Relationships between ligand binding sites, protein architecture and correlated paths of energy and conformational fluctuations

TL;DR

This paper develops a statistical thermodynamics model linking energy and conformational fluctuations in proteins, revealing how energy conduction pathways relate to protein structure and ligand binding hotspots.

Contribution

It introduces a novel model connecting energy fluctuations to protein architecture, aiding in identifying functional domains and ligand binding sites.

Findings

Identifies hotspots for ligand binding.

Maps energy conduction pathways within proteins.
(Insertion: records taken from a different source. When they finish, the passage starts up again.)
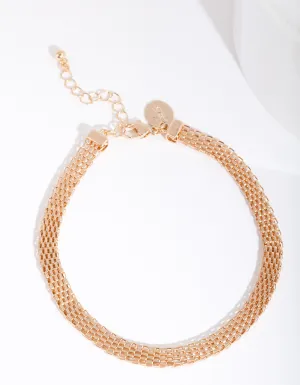 Gold 6mm Flat Mesh Chain Anklet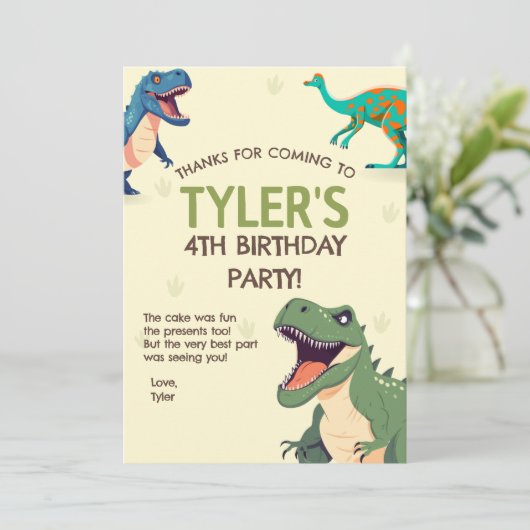 Dinosaurus Verjaardagsfeest Verticaal Dank u Kaart (Staand voorkant)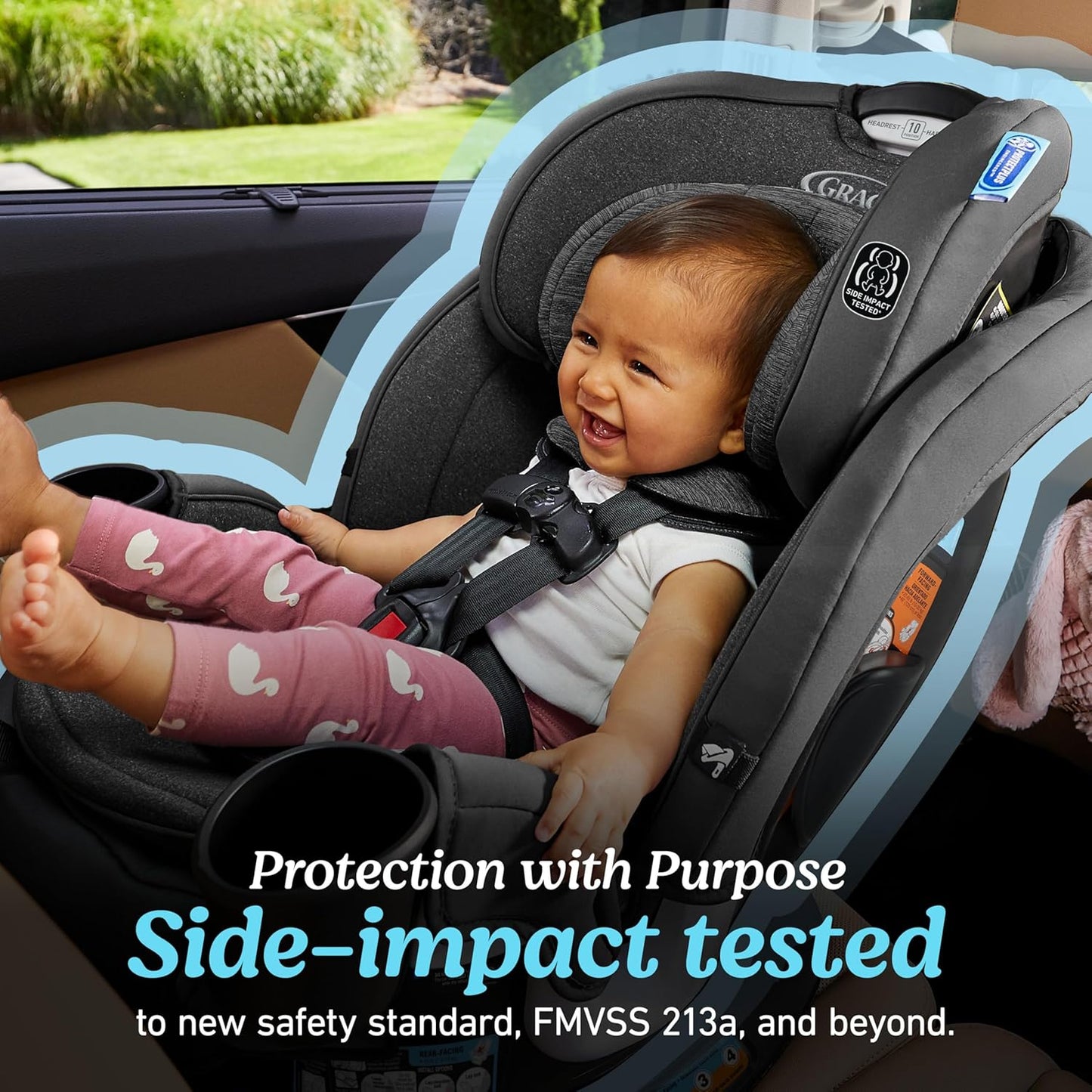 Graco Turn2Me 3-in-1 Rotating Convertible Car Seat, Manchester, Rear-Facing Rotation Only, Forward-Facing Mode, Highback Booster Up to 100 lbs, Adjustable Headrest & Harness, Steel Reinforced Frame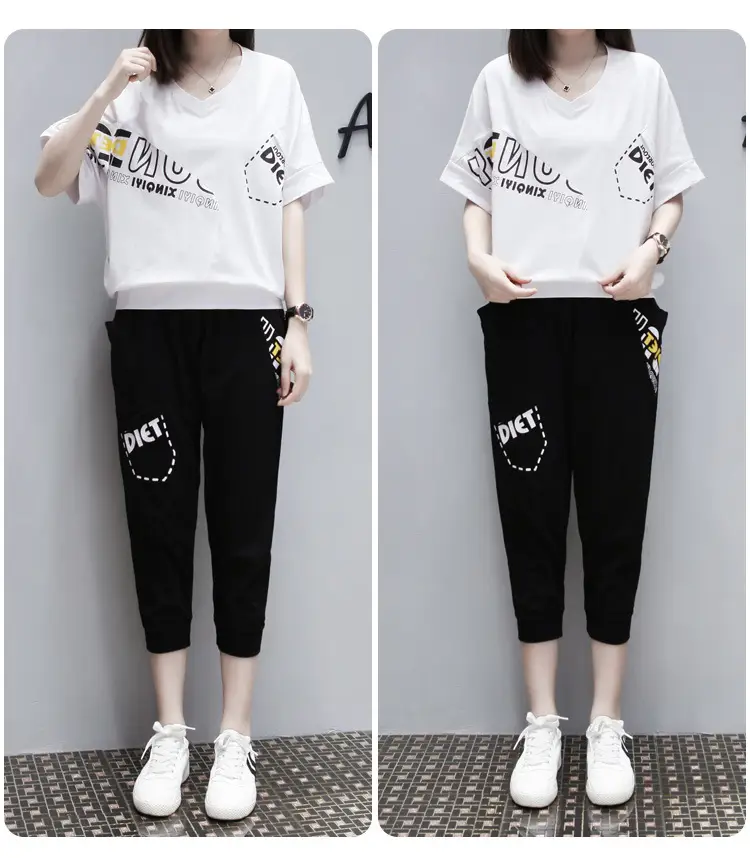 Women's Fat mm Summer Sports Suit Large Size — feature 14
Relates energy fluctuations to protein connectivity.

Abstract

Statistical thermodynamics basis of energy and residue position fluctuations is explained for native proteins. The protein and its surroundings are treated as a canonical system with emphasis on the effects of energy exchange between the two. Fluctuations of the energy are related to fluctuations of residue positions, which in turn are related to the connectivity matrix of the protein, thus establishing a connection between energy fluctuation pathways and protein architecture. The model gives the locations of hotspots for ligand binding, and identifies the pathways of energy conduction within the protein. Results are discussed in terms of two sets of models, the BPTI and twelve proteins that contain the PDZ domain. Possible use of the model for determining functionally similar domains in a diverse set of proteins is pointed out.